English poet (1775–1825)

Charlotte Richardson or Charlotte Smith (5 March 1775 – 26 September 1825) was a British poet.

==Life==
Richardson was born in York in 1775 and by 1790 she had attended the basic Grey Coats School in York and she had become an orphan. She gave up her job as a cook/maid and married a shoemaker in 1802 but two years later he died of tuberculosis and she was a single parent.

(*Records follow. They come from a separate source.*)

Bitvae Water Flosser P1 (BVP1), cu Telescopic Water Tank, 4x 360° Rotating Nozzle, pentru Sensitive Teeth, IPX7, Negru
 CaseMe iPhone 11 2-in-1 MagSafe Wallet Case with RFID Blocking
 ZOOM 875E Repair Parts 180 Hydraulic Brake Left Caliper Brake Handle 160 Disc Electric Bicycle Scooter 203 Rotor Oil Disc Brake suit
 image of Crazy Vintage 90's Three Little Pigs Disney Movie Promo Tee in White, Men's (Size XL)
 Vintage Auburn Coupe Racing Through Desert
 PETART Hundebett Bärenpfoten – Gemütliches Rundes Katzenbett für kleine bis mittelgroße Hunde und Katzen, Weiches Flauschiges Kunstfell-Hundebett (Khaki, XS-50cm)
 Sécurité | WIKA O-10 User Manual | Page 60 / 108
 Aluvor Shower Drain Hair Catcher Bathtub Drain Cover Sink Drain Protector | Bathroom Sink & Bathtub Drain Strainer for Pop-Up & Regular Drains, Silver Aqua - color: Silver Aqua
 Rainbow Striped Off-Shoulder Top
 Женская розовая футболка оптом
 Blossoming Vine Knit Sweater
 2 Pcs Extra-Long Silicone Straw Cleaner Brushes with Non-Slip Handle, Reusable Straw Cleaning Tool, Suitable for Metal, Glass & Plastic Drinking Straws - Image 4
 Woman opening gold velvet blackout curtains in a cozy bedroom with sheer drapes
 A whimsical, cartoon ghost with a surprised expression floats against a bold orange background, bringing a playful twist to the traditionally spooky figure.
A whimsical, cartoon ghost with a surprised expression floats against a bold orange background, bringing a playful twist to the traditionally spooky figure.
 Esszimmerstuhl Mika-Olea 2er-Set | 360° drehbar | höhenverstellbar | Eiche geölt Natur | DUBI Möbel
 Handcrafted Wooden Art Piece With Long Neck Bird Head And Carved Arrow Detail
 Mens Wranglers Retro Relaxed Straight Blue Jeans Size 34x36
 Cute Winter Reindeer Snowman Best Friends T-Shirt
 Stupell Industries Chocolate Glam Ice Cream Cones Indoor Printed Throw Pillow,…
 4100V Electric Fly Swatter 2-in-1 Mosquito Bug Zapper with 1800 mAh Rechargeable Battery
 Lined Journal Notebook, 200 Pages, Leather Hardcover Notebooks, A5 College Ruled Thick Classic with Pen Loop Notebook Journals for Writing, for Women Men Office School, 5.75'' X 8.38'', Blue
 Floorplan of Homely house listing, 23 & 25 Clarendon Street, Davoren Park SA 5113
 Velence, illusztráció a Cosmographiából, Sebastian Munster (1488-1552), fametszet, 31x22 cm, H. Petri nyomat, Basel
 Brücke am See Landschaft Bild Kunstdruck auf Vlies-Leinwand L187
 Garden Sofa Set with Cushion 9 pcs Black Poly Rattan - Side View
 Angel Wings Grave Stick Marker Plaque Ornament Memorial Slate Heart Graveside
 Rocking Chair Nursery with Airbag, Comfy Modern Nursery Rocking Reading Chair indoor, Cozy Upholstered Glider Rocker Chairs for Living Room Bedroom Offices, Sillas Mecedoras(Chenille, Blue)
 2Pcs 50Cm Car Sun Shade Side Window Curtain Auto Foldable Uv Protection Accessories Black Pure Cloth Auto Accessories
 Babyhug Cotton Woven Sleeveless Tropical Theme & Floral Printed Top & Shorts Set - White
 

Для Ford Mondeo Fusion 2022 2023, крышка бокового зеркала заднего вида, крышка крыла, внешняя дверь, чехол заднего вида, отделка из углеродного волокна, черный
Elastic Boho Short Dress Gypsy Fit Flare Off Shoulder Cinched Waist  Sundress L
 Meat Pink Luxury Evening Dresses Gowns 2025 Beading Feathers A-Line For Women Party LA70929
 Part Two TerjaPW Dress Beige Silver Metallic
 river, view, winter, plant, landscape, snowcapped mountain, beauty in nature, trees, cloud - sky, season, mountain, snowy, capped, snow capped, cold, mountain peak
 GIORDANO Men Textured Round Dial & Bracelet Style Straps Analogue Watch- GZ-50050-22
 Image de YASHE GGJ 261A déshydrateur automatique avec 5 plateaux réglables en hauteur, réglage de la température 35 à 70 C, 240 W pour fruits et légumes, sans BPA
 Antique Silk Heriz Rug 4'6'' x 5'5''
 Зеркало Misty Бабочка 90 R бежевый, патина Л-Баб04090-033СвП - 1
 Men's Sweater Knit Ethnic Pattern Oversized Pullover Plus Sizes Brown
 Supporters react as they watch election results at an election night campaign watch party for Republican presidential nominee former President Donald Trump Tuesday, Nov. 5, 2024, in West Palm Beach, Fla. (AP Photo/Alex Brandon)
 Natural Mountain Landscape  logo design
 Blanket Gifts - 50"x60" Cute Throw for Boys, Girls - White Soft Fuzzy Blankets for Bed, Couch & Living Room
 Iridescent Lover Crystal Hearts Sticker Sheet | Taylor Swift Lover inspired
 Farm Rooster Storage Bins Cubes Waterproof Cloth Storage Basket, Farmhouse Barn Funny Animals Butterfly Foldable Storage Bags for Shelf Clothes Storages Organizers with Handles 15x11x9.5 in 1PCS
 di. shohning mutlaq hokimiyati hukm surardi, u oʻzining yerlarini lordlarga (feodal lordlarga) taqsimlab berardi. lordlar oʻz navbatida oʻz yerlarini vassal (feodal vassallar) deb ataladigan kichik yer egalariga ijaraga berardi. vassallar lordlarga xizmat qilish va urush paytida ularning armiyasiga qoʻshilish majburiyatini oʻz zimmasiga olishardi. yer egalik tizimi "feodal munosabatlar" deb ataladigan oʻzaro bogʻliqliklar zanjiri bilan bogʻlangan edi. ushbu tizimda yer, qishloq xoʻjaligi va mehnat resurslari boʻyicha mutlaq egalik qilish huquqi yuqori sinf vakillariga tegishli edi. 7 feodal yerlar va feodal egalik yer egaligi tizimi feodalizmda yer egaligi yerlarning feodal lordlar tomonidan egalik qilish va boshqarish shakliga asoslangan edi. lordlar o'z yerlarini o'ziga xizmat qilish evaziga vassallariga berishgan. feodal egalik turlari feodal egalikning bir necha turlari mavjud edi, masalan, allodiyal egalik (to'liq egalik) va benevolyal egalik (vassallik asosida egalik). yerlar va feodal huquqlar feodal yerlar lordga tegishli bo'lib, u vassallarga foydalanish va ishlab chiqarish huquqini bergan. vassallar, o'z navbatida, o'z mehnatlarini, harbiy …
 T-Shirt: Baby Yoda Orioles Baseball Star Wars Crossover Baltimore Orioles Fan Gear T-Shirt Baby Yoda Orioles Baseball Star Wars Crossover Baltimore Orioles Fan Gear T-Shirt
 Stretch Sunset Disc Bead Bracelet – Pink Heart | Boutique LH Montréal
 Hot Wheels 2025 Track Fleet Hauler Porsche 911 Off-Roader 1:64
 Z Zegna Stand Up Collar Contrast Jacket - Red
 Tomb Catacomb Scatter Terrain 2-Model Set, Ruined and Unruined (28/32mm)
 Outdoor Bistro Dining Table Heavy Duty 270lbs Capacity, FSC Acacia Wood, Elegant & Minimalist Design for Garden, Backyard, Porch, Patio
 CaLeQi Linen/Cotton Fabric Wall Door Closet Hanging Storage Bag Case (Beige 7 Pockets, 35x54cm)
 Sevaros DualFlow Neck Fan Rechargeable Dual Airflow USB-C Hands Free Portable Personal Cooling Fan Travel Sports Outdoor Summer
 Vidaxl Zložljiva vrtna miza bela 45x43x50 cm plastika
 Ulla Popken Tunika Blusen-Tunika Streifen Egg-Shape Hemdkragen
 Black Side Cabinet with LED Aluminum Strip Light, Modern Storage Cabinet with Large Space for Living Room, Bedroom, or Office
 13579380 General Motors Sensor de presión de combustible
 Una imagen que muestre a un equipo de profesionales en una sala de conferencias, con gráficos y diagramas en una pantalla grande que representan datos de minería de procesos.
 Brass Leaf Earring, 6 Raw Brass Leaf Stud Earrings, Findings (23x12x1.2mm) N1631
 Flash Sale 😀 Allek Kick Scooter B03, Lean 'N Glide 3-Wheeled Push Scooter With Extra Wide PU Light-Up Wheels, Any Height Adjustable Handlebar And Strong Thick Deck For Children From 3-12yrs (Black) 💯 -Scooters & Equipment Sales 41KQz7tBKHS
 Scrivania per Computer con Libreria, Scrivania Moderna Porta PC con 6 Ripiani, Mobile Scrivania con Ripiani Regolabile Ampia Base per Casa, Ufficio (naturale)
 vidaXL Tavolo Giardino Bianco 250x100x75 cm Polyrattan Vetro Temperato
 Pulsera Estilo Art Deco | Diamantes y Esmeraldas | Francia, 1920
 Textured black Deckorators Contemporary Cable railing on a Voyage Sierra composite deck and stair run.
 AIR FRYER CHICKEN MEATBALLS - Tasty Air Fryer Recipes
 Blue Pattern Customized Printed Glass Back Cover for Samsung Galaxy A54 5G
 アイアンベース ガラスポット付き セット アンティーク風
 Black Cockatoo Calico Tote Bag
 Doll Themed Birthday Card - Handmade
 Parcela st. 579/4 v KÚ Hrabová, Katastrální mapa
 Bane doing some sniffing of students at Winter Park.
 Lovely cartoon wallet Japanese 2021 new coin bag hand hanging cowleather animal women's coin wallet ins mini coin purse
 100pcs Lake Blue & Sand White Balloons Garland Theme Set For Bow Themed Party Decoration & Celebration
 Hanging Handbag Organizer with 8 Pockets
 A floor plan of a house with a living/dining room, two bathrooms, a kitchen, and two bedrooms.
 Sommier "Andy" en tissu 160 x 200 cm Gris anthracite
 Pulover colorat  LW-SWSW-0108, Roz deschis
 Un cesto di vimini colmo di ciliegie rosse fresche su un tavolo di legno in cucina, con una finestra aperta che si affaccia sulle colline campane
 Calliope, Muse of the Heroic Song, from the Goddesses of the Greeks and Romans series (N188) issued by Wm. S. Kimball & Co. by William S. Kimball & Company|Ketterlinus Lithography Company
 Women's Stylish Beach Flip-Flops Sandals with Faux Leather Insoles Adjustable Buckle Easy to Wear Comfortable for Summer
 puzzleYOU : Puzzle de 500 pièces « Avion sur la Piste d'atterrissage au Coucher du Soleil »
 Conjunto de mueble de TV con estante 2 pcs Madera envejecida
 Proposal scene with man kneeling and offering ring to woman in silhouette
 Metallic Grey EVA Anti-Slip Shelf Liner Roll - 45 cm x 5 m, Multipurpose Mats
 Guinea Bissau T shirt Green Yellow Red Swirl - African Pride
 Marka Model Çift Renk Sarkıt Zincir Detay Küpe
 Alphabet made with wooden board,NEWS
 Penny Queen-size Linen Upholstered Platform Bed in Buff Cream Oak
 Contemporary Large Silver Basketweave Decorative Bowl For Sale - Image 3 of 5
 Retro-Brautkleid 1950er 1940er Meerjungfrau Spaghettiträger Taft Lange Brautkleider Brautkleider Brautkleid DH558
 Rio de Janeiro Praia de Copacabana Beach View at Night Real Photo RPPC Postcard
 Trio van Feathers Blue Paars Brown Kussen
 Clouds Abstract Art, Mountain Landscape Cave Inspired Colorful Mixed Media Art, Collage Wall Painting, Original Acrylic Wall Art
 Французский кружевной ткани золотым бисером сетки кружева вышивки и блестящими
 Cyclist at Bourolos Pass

Her benefactor was Catherine Cappe who knew her from her four years at school and her brother had been the Richardson family's doctor. Cappe was involved with education in York and she was the second wife of the Unitarian minister Newcombe Cappe. Cappe was impressed by her poetry and arranged for Poems on Different Occasions to be published. She ensured these were bought by writing to The Gentleman's Magazine. Over 600 books were sold by subscription and a second printing enabled Richardson to open a small school. Another edition was printed in the USA.

By 1809 the school was gone and Richardson was ill. Cappe had a second book of poetry published titled Poems Chiefly Composed during the Pressure of Severe Illness (1809).

Richardson died in Acomb, North Yorkshire in 1825. Her poetry refers to her thoughts on French invasion, the slave trade and her reading of Thomas Clarkson and Walter Scott.